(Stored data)
◆ ◆ ◆ ◆
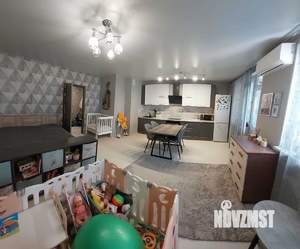 Фото квартиры на продажу (2)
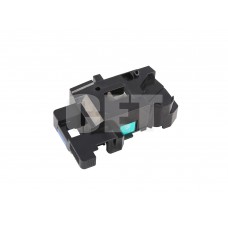 Правая крышка фьюзера для HP LaserJet Enterprise M607dn (CET), CET371003
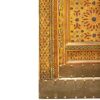 Enchanting Moroccan Cedar Wooden Door: An Artisanal Masterpiece of Elegance and Craftsmanship - Image 6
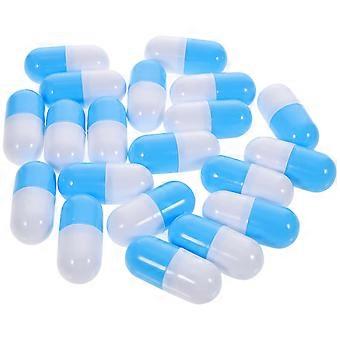 Children Doctor Toy Accessories 20Pcs Doctor Kit for Pretend Play Fun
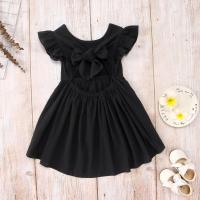 Baby Kids Dress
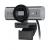 MX Brio 705 For Business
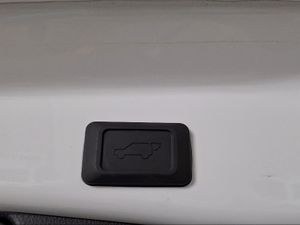 Toyota Rav4 220H e-CVT 4x4 Luxury  - Foto 24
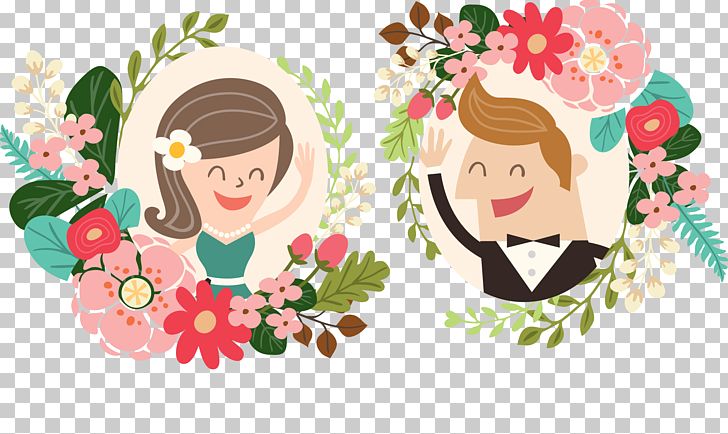 Wedding Invitation Save The Date Bridegroom Illustration PNG, Clipart, Art, Bride, Brides, Bride Vector, Cartoon Free PNG Download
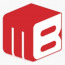 Marketboats Consulting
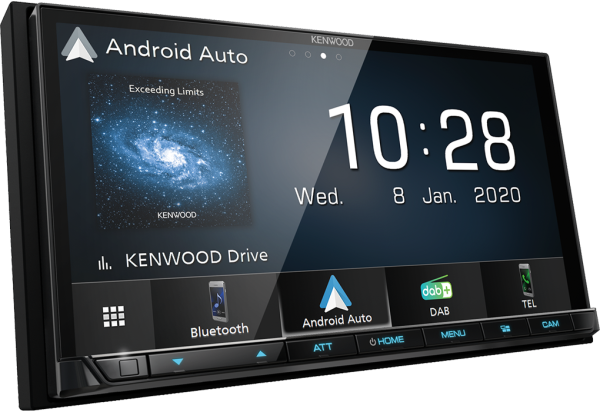 KENWOOD DMX7520DABS *Lieferengpass* Lieferzeit auf Anfrage! KENWOOD DMX7520DABS *Lieferengpass* Lieferzeit auf Anfrage!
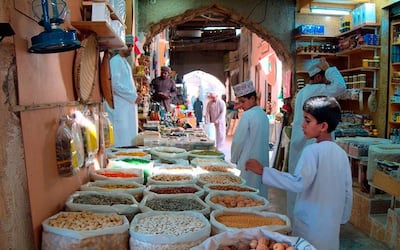 مع ارتفاع التضخم في شهر أغسطس، ما السلع والخدمات التي سجلت أعلى ارتفاعًا؟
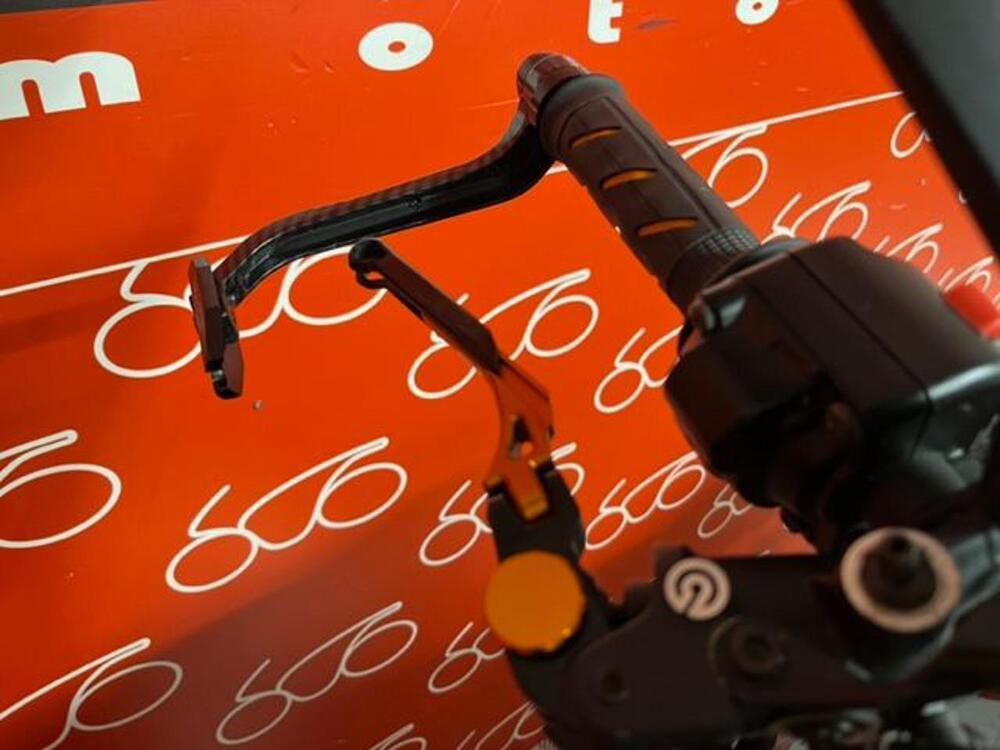 KTM 1290 Super Duke R ABS (2014 - 16) (3)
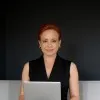 Şükran Kirik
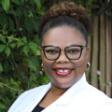 Photo: Rose Jones, APRN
◆ ◆ ◆ ◆
> [EXERCISE GOAL]: A word-for-word copy is needed of the lines from the line holding "Baby Kids Dress" through the end of the records, both included, excluding every picture.

> [ANSWER AREA]:
 Baby Kids Dress
 MX Brio 705 For Business
 Toyota Rav4 220H e-CVT 4x4 Luxury  - Foto 24
 Wedding Invitation Save The Date Bridegroom Illustration PNG, Clipart, Art, Bride, Brides, Bride Vector, Cartoon Free PNG Download
 Marketboats Consulting
 KENWOOD DMX7520DABS *Lieferengpass* Lieferzeit auf Anfrage! KENWOOD DMX7520DABS *Lieferengpass* Lieferzeit auf Anfrage!
 مع ارتفاع التضخم في شهر أغسطس، ما السلع والخدمات التي سجلت أعلى ارتفاعًا؟
 KTM 1290 Super Duke R ABS (2014 - 16) (3)
 Şükran Kirik
 Photo: Rose Jones, APRN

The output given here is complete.